Sodium glucose cotransporter 2 inhibitors and risk of major adverse cardiovascular events: multi-database retrospective cohort study [钠葡萄糖协同转运蛋白2抑制剂与主要心血管不良事件的风险：多数据库的回顾性队列研究]

• 分享：

BMJ 2020; 370 doi: https://doi.org/10.1136/bmj.m3342 (Published 23 September 2020)
Cite this as: BMJ 2020;370:m3342

Authors
Kristian B Filion, Lisa M Lix, Oriana HY Yu, Sophie Dell’Aniello, Antonios Douros, Baiju R Shah, Audray St-Jean, Anat Fisher, Eric Tremblay, Shawn C Bugden, Silvia Alessi-Severini, Paul E Ronksley, Nianping Hu, Colin R Dormuth, Pierre Ernst, Samy Suissa

Abstract
Objective To compare the risk of cardiovascular events between sodium glucose cotransporter 2 (SGLT2) inhibitors and dipeptidyl peptidase-4 (DPP-4) inhibitors among people with type 2 diabetes in a real world context of clinical practice.

Design Multi-database retrospective cohort study using a prevalent new user design with subsequent meta-analysis.

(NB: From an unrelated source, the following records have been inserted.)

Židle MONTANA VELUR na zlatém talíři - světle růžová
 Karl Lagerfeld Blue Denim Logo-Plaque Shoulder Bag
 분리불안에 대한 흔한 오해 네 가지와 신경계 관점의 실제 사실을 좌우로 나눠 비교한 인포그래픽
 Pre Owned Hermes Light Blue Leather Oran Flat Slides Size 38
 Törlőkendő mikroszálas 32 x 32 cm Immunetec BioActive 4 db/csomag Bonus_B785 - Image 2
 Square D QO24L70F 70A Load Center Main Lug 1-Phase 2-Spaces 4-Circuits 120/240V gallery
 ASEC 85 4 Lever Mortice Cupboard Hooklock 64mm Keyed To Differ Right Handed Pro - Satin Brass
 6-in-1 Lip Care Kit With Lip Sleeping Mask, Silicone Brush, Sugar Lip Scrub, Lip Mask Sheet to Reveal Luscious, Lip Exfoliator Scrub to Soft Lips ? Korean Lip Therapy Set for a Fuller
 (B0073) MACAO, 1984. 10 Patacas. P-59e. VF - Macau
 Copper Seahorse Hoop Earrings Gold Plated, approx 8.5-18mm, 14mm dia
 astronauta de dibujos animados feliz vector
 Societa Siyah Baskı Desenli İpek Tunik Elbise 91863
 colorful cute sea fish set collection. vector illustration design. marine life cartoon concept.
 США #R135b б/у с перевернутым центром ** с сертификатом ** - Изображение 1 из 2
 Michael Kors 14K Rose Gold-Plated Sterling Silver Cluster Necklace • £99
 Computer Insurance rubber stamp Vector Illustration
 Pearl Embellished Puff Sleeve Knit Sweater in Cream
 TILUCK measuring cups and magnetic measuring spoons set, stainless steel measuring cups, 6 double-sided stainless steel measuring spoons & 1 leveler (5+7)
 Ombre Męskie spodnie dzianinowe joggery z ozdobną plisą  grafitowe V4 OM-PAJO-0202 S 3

Setting Canadian Network for Observational Drug Effect Studies (CNODES), with administrative healthcare databases from seven Canadian provinces and the United Kingdom, 2013-18.

Population 209 867 new users of a SGLT2 inhibitor matched to 209 867 users of a DPP-4 inhibitor on time conditional propensity score and followed for a mean of 0.9 years.

Main outcome measures The primary outcome was major adverse cardiovascular events (MACE, a composite of myocardial infarction, ischaemic stroke, or cardiovascular death). Secondary outcomes were the individual components of MACE, heart failure, and all cause mortality. Cox proportional hazards models were used to estimate site specific adjusted hazards ratios and 95% confidence intervals, comparing use of SGLT2 inhibitors with use of DPP-4 inhibitors in an as treated approach. Site specific results were pooled using random effects meta-analysis.

Results Compared with DPP-4 inhibitors, SGLT2 inhibitors were associated with decreased risks of MACE (incidence rate per 1000 person years: 11.4 v 16.5; hazard ratio 0.76, 95% confidence interval 0.69 to 0.84), myocardial infarction (5.1 v 6.4; 0.82, 0.70 to 0.96), cardiovascular death (3.9 v 7.7; 0.60, 0.54 to 0.67), heart failure (3.1 v 7.7; 0.43, 0.37 to 0.51), and all cause mortality (8.7 v 17.3; 0.60, 0.54 to 0.67). SGLT2 inhibitors had more modest benefits for ischaemic stroke (2.6 v 3.5; 0.85, 0.72 to 1.01). Similar benefits for MACE were observed with canagliflozin (0.79, 0.66 to 0.94), dapagliflozin (0.73, 0.63 to 0.85), and empagliflozin (0.77, 0.68 to 0.87).

Conclusions In this large observational study conducted in a real world clinical practice context, the short term use of SGLT2 inhibitors was associated with a decreased risk of cardiovascular events compared with the use of DPP-4 inhibitors.

Trial registration ClinicalTrials.gov NCT03939624.